Signs of appendicitis

A typical sign of appendicitis is pain in the right lower abdomen, usually accompanied by fever, nausea, vomiting or constipation. However, the classic signs are only found in about half of those affected, especially small children and elderly people often have symptoms that differ from those of appendicitis.

Signs of appendicitis

At the beginning of a typical appendicitis, the affected persons feel a dull, not exactly localizable pain (visceral pain) in the middle or upper abdomen, often around the navel (periumbilical). Appendicitis is thus the most common cause of an acute abdomen (sudden abdominal pain). The pain moves to the right lower abdomen within the first 8-12 hours and becomes more intense over time.

There is also a change in quality to a burning, easily localised pain (somatic pain). The site of the strongest pain reaction is typically at the McBurney point. It is located halfway along an imaginary connecting line, between the right anterior iliac spine (spina iliaca anterior superior) and the navel.

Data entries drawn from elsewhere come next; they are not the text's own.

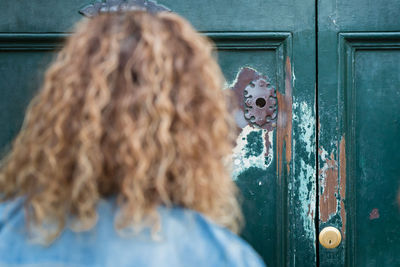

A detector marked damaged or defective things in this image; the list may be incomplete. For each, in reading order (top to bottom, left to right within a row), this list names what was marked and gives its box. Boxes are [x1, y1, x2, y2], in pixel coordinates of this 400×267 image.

rust stain [276, 57, 292, 176]
chipped paint [276, 57, 292, 176]
chipped paint [231, 125, 276, 180]
peeling paint [233, 125, 274, 180]
rust stain [318, 152, 338, 223]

In addition to the McBurney point, the Lanz point also has an increased sensitivity to pressure and knocking. The Lanz point is located between the right and middle third of an imaginary connecting line of both iliac spines. A typical sign of appendicitis is also the so-called psoas pain, which can be provoked by bending the stretched leg against resistance.

This can be explained by the anatomical proximity of the appendix and the fascia of the iliopsoas muscle (“psoas muscle”). However, if the appendix is located in the pelvis, there is an increased sensation of pain when the right leg bent at the hip is rotated (obturator sign). Furthermore, a “lose-let-pain”, also called Blumberg sign, develops in the area of the left lower abdomen, provoked by slow pressing and fast releasing in the left lower abdomen.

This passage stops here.